My graduate-school professor Alan Blinder took to the pages of the Wall Street Journal today to extol the job-creation virtues of a carbon tax: “The ‘bang for the buck’ from a phased-in carbon tax would be infinite at first: lots of jobs at zero cost to the federal budget.”
Wow, that sure sounds good. Unfortunately, it ignores some Economics 101.
Only in a government-centric view of the universe would something be “free” because it has no budgetary impact. It is costly — very costly — to change from one energy portfolio (and the infrastructure that supports it) to another. Period. Nobody should pretend otherwise. A principled argument would acknowledge this cost and provide convincing evidence of compensating benefits , and certainly any argument should propose keeping the costs as low as possible. So it is curious by omission that Professor Blinder does not mention the need for complete pre-emption of provisions of the Clean Air Act (and Clean Water Act, and Endangered Species Act…) that lead to draconian command-and-control outcomes. Why argue for markets and then chain them to regulatory anchors?
Worse, Professor Blinder’s argument is a classic Politics 101 bait-and-switch.
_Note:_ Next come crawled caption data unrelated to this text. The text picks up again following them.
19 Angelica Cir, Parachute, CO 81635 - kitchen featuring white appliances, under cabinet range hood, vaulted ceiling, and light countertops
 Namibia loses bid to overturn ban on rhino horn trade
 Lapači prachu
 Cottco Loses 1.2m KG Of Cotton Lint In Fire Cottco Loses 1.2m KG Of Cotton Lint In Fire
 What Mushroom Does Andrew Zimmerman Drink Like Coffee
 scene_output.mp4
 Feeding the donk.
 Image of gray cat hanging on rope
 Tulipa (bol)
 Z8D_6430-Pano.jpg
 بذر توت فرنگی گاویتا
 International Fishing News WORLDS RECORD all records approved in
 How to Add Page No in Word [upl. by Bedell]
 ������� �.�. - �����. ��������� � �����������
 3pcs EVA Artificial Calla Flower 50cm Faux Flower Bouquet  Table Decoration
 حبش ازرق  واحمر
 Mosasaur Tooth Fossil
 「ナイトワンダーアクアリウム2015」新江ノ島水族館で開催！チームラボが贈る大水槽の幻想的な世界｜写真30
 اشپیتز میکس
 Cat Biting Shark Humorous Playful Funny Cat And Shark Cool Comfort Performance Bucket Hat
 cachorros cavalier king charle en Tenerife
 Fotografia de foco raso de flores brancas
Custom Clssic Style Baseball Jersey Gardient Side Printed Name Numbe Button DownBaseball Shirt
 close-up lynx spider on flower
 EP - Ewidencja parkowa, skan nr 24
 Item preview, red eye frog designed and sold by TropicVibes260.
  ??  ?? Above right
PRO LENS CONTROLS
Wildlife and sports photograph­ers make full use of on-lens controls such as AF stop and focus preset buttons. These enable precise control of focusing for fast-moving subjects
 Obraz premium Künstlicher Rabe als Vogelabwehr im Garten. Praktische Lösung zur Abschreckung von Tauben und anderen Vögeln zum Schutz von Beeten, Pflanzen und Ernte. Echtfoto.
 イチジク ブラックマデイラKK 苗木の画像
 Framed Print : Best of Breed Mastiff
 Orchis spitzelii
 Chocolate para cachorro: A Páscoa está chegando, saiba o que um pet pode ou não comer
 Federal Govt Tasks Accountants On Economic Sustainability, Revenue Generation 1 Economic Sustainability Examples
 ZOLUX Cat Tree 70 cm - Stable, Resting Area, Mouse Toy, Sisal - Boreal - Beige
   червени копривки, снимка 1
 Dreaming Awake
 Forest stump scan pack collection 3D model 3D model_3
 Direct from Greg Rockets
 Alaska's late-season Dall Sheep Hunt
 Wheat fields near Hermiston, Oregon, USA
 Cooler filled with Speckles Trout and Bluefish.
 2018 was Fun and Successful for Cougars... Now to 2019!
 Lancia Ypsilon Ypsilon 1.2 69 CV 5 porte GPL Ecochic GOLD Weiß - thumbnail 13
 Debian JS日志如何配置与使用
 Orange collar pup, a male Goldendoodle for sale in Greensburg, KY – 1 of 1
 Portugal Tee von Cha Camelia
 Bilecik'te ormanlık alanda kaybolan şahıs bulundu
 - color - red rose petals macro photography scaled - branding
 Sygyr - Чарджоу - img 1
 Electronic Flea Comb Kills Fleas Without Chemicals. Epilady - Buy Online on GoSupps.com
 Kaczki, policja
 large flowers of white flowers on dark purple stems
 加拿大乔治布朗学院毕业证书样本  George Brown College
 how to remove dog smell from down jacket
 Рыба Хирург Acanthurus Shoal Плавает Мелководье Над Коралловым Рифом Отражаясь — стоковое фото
He pays lip service to the need to cut spending in the future (“lower spending as shares of GDP”) but argues for passing a tax increase right now. This would inevitably reduce pressure for needed spending discipline over the near term, lead to a permanently higher level of spending and taxes, and harm U.S. growth and competitiveness.
Professor Blinder could have solved this probably by arguing that any carbon-tax revenues should be deposited into a trust fund that could be used for a single purpose: cutting payroll and corporation taxes. That way, the carbon tax would not cause government to grow, and would in a single stroke address the competitiveness and fairness issues usually associated with a carbon tax. Low-income workers would get a tax cut to offset higher traditional-energy costs, and U.S. corporations would get agreed-upon relief from the onerous U.S. corporation income tax.
In fairness, three of Professor Blinder’s points are spot on. First, the notion that raising taxes right now is a good idea was firmly put to rest by the actions of the president and the lame-duck Congress in December. Those legislative actions codified “policy as usual” in Washington. The good news is that taxes remained low; the bad news is that there has been no tangible progress on cutting spending to change the current policy of enormous deficits.
Next, there can be little doubt that bringing certainty to the policy outlook would benefit businesses. Utilities, in particular, have to make five-decade investment decisions. The more that can be done to reduce their uncertainty, the better. The same argument applies to every business structure investment, equipment choice, or long-term fuel contract. Other things being the same, knowing what is coming out of Washington is better than not.
Finally, it is indisputable that market-based policies are preferable. This lesson goes back at least as far as 1989–90, when the first Bush White House had to dragoon John Dingell and a Democratic Congress into using a permit-trading system to address acid rain. The result? Acid rain is no longer a daily topic of conversation in the Northeast, and the program came in way below its project economic cost.
In the bad old days, Democrats bad-mouthed trading systems and price mechanisms; Republicans opposed rifle-shot subsidies and mandates. Weirdly, conservatives have a need to relearn these lessons. Republicans need to swear off targeted subsidies (ethanol credits, wind and solar production tax credits, loan guarantees) and regulations (“renewable energy standards” and the like) and get back on the market train.
If you want to do something about carbon pollution, a carbon tax and a cap-and-trade system are the same policy. Set a carbon tax at $10 a ton and you will get a certain level of emissions. Set a cap at that level of emissions and permits will trade for $10 a ton.
Now, you may not want to engage in a carbon policy. Fair enough. But if one decides to move in that direction for political, business-certainty, or pollution reasons, there is no excuse for returning to the bad old days of subsidies and command-and-control regulation. Conservatives bashing their intellectual offspring is simply mystifying.
So, let’s summarize a complete argument: Nothing is free, don’t raise taxes now or grow the government, and use market forces.
— Douglas Holtz-Eakin is president of the American Action Forum.